By Leticia Juarez
SAN BERNARDINO, California (KABC) — Hundreds of people living in a squalid San Bernardino dormitory building are scrambling to find new housing after learning the building will be shut down.
The city is trying to find all of them more suitable places to live.
Residents say the building – an illegally converted dormitory – is plagued by rats and roaches, as well as mold, electrical issues and other hazards.
Code enforcement has deemed the building unsafe despite numerous attempts and fines by the city of San Bernardino to get the owner to make repairs. Now it’s being shut down and residents have just a few weeks to find new accommodations.
Residents are used to paying low rental rates and say it will be difficult to find another place that is so cheap.
Rent on most units is between $600 and $700 a month, with no deposit or down payment required. That’s all the 280 residents can afford.
“I was homeless for four years before I moved in here, and I refuse to go back to being homeless,” said building resident Angelina Trammell-Krone.
Lisa Torres Mendivil shares her tiny room with two of her grown sons. The only light come from the bathroom since she says the owner never fixed the main light.

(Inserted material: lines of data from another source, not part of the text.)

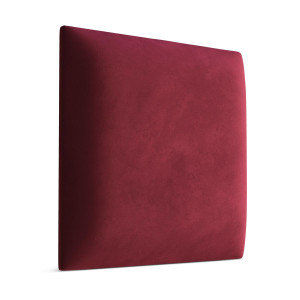Panele tapicerowane 50x50 na ścianę magic velvet bordowy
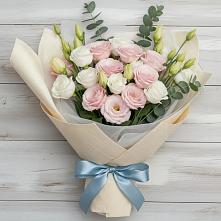 Букет цветов из:  Лизиантусы #REPLACE_PRED# Азнакаево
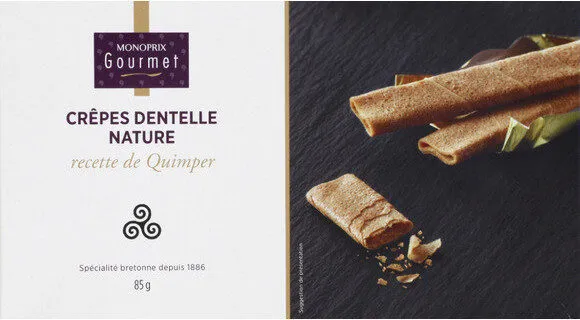 Crêpes dentelle nature, recette de Quimper.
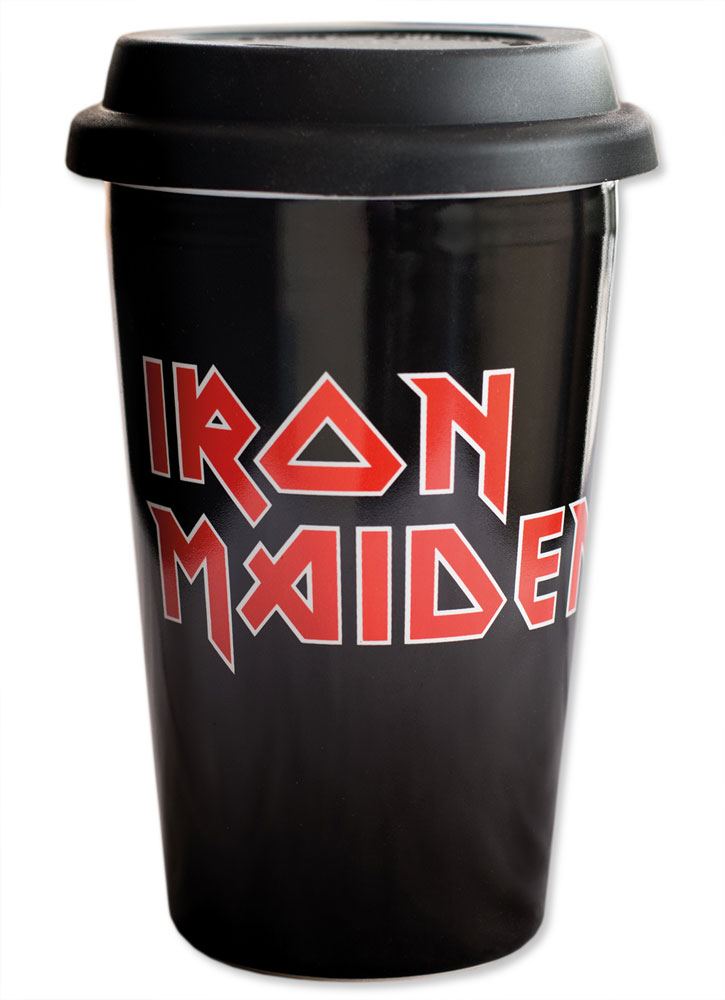 Film + Musik Merchandise | Iron Maiden: Reisetasse :schwarz/rot | pekabo.ch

She says she and most of her fellow residents don’t make enough income to afford most other apartments.
“The rent is really high (in other buildings),” she says. “So this is the only place for a lot of us.”

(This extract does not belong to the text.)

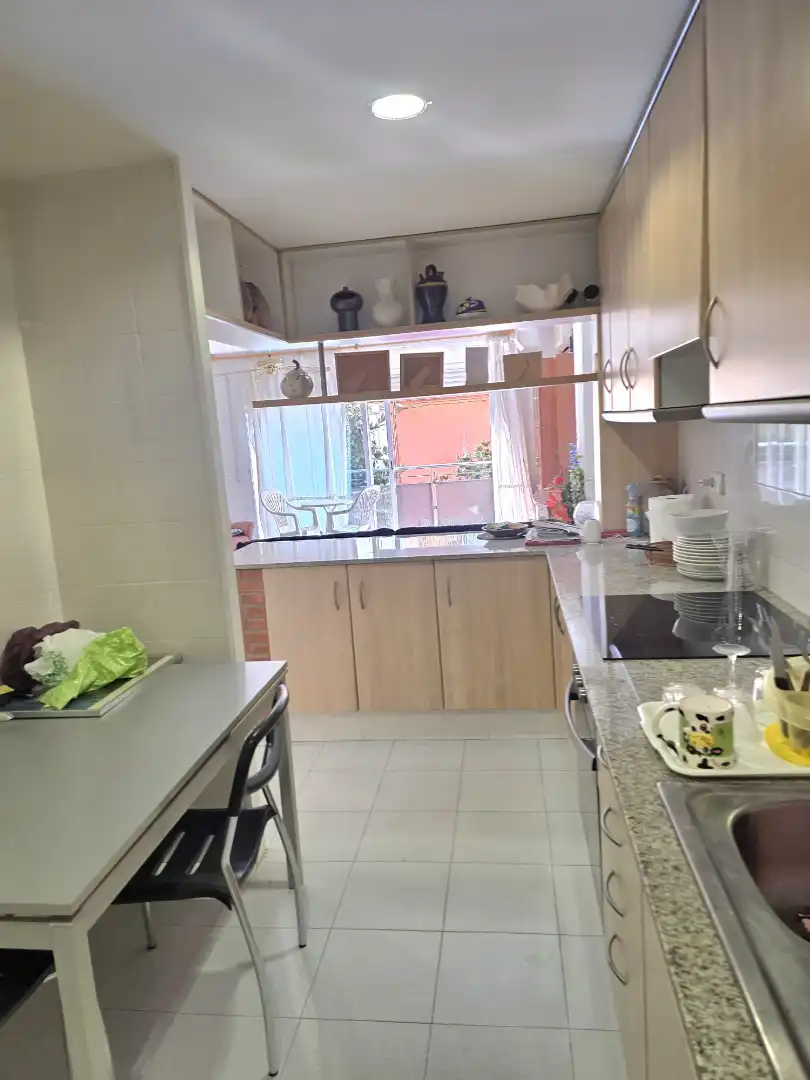 Küche von Wohnung zum Verkauf in Calella mit Klimaanlage, Heizung und Balkon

Jeff Kraus, a spokesman for San Bernardino, says the city is working to find new housing for residents.
“The city is working with anybody and everybody we can to find alternative housing, to find temporary housing, and transitional housing, to get people into permanent, longer-term and and safer conditions,” Kraus said.
Kraus says the building was never permitted as apartments and accuses the owner of taking advantage of residents.
The building is owned by Fox Property Holdings LLC, which lists the owner as Ji Li.
When Eyewitness News tried to reach Li to ask about the property, his resident manager said that Li tried to make repairs but blamed residents for the deteriorating conditions.
“We were living here for the past two and a half years, perfect,” said manager Jeff Young. “There were no complaints.”
He acknowledged it will be difficult to find new housing for the residents.
“Oh, it is a problem but where are you going to put these people? None of them have credit.”